I’m not a video game player, so the name Max Payne didn’t mean much to me when I attended the Comic Con panel for the upcoming 20th Century Fox movie. Any interest in the project for me came from star Mark Wahlberg, who I’ve always liked despite the occasional dud in his resume. Wahlberg sat down in front of a crowd of 6,500 along with co-stars Mila Kunis and Luadacris and director John Moore to bring a few clips of the movie and answer softball questions tossed out by the “moderator” (a Fox executive whose name I didn’t record). Due to the technical glitch of having the back curtains fall off the wall right before the first panel was set to start, they hurried the first couple of groups (including the Max Payne group) and didn’t take questions from the audience.

The audience did express their love for Wahlberg at nearly every opportunity. The crowd was heavy with those waiting for the Twilight panel but those young females got their shrieking practice in anytime Wahlberg spoke or his face flashed up on the giant screens. He joked that it was “like doing a concert in Japan.” He said he no knows “why the New Kids wanted to go back on tour” and that it made him feel “warm in the pants.” Once he got that off his chest, Wahlberg said that his reason for doing Max Payne was so that he could “kick some ass” after doing movies like Invincible and The Lovely Bones.

Wahlberg also said he felt he was the right person to play the part because of his “street credibility and arrest record, I was credible enough to play this role.” I actually thought he was joking when he mentioned that his arrest record might help sell him in the role, but he seemed completely serious. He said that he was excited for everyone to see the movie and thought that the havoc that Max brings to the bad guys will be very satisfying for the audience.

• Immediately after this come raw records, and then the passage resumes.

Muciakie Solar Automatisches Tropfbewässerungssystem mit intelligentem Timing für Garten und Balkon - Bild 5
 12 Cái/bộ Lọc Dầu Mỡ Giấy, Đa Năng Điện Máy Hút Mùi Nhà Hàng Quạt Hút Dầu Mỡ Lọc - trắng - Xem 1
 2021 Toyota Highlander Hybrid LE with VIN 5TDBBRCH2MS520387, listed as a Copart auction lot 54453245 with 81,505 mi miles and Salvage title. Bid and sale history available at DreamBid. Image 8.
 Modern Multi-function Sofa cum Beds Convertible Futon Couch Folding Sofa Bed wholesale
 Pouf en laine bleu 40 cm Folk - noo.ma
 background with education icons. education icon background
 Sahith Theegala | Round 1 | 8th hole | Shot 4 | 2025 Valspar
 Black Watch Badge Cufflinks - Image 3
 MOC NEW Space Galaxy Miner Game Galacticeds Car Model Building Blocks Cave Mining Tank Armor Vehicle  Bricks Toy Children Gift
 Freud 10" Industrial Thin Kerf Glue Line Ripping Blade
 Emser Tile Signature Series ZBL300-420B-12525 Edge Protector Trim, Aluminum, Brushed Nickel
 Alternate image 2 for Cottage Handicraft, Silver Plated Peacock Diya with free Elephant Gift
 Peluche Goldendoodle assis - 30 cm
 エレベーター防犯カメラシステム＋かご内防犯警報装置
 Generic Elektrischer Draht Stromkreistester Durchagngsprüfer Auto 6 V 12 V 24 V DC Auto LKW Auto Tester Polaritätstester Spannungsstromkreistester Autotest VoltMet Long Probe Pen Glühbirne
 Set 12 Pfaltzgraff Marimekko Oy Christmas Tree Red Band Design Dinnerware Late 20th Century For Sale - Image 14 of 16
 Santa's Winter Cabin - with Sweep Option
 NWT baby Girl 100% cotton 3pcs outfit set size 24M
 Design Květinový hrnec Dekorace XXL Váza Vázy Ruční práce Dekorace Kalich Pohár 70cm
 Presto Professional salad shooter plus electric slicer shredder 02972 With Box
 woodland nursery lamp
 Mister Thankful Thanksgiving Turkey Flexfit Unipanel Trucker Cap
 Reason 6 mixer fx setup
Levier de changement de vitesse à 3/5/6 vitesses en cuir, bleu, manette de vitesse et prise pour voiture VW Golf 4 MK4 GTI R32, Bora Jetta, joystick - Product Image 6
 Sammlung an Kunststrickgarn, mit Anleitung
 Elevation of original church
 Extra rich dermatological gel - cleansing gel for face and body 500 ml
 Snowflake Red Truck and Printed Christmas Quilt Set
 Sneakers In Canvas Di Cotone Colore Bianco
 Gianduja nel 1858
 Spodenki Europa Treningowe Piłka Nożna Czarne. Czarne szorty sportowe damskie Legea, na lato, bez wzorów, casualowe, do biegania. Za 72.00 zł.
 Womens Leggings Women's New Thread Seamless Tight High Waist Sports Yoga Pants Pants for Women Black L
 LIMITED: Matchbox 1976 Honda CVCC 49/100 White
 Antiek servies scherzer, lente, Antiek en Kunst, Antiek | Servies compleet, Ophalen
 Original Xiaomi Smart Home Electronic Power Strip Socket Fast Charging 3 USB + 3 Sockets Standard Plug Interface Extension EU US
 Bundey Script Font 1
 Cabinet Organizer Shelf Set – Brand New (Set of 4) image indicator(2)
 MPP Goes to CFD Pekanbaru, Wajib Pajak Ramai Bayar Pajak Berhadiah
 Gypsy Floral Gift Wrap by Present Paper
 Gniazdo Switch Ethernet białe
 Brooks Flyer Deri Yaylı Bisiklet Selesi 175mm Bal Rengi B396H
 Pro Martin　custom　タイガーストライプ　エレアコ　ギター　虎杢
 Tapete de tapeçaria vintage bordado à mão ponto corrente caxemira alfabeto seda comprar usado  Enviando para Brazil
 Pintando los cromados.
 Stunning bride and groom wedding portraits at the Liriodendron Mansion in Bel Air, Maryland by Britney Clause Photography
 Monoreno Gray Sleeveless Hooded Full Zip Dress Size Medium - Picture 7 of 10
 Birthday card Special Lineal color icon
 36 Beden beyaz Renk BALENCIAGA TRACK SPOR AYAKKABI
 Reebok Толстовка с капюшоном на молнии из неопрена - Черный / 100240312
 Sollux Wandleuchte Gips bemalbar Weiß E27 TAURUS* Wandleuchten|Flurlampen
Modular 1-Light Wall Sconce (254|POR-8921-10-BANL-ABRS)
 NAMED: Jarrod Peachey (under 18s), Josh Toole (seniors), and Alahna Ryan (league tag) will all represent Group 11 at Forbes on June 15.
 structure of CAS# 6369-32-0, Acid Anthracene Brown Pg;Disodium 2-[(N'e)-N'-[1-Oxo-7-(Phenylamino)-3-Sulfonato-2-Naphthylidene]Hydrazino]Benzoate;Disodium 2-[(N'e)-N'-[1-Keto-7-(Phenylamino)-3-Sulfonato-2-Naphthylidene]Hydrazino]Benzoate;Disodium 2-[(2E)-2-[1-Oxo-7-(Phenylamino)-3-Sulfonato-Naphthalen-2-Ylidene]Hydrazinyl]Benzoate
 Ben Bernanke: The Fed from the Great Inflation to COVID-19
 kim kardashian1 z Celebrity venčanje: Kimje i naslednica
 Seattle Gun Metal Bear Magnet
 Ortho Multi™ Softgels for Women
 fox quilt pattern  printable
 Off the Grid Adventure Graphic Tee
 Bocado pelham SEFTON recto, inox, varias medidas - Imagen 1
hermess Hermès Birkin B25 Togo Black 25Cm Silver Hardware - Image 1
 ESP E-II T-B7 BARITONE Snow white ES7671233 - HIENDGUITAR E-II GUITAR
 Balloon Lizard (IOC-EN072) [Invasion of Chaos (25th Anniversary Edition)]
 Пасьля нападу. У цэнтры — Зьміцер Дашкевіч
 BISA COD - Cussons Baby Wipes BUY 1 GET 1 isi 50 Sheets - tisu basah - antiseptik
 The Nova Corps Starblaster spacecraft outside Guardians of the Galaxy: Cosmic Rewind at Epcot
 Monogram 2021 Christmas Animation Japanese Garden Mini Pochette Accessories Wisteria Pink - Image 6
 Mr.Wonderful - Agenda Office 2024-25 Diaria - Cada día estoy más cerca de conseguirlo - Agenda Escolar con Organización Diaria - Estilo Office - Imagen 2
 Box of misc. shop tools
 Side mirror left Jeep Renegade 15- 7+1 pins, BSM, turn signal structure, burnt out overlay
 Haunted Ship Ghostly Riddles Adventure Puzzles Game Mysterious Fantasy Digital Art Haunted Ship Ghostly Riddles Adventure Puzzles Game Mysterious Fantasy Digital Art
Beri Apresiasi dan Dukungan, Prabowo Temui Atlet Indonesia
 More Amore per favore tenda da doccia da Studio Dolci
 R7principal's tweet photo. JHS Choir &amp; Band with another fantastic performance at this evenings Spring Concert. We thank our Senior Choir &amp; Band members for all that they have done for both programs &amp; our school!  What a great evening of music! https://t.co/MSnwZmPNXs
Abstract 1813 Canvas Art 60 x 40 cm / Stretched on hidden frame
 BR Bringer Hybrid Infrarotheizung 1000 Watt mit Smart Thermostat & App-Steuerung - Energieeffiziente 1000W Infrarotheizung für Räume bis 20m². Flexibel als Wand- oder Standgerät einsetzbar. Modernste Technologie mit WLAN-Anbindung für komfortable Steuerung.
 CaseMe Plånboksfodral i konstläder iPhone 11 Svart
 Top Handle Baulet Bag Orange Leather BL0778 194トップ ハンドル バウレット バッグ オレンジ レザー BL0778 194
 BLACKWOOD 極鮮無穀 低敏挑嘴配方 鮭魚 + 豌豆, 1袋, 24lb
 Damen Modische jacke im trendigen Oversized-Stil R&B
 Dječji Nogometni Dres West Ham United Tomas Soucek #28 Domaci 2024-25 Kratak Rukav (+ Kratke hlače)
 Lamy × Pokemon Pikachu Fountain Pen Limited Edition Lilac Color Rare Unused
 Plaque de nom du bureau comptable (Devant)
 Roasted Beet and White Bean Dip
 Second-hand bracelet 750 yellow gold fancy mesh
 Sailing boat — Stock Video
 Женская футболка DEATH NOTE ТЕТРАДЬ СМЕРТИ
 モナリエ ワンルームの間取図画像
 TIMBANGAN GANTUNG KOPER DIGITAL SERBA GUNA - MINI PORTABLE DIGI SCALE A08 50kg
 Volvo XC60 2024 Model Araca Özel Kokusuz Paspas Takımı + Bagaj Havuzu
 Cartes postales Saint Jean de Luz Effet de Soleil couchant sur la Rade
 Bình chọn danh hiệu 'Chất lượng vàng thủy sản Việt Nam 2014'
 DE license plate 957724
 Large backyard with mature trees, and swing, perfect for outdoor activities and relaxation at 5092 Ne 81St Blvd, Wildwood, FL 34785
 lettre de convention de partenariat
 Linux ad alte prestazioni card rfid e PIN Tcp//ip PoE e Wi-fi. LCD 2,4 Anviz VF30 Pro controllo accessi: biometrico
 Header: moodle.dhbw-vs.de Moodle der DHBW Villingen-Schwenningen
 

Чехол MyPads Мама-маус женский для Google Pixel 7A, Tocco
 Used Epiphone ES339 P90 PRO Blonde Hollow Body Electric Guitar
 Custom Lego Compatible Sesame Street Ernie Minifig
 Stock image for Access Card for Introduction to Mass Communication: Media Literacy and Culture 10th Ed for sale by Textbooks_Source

According to the moderator, director Moore said that the movie was “not minimum Payne, not medium Payne, it’s Max Payne.” That’s about the stupidest thing anyone said all Comic Con weekend, and brought more semi-chuckles than excited whoops from the fans. Moore did say that his goal was to “not screw up” the story and built-in following of those who love the video game. He also said that the movie is designed to make you feel like you are in the game. Moore explained the slo-mo effects as a new process that records 1,000 frames per second and allows them to recreate the “bullet time” effect used in the video game. Kunis and Ludacris didn’t add too much other than praising Wahlberg and Moore (who praised them right back) and explaining their characters a little.

The Max Payne panel also included two clips from the movie and a special trailer. The clips showed the movies very stark motif and obvious emphasis on shootouts and explosions with an arty flair. The first clip follows Payne into an apartment building where he has a fight with an assailant. The action is good, but certainly not remarkable. The second clip is more of the same with Payne in a subway bathroom, taking on three thugs. Again, it does have a nice look and certainly the movie is all about the action, but it doesn’t really stand out in any way. The trailer had an extended section where Payne shoots it out in an office building with a SWAT team. Although the team shoots hundreds of bullets at him shattering every window in sight, he’s untouched. There’s a little Die Hard in that scene and it will satisfy the action junkies out there, but based on what they showed at Comic Con, it looks like a pretty basic shoot-em-up movie.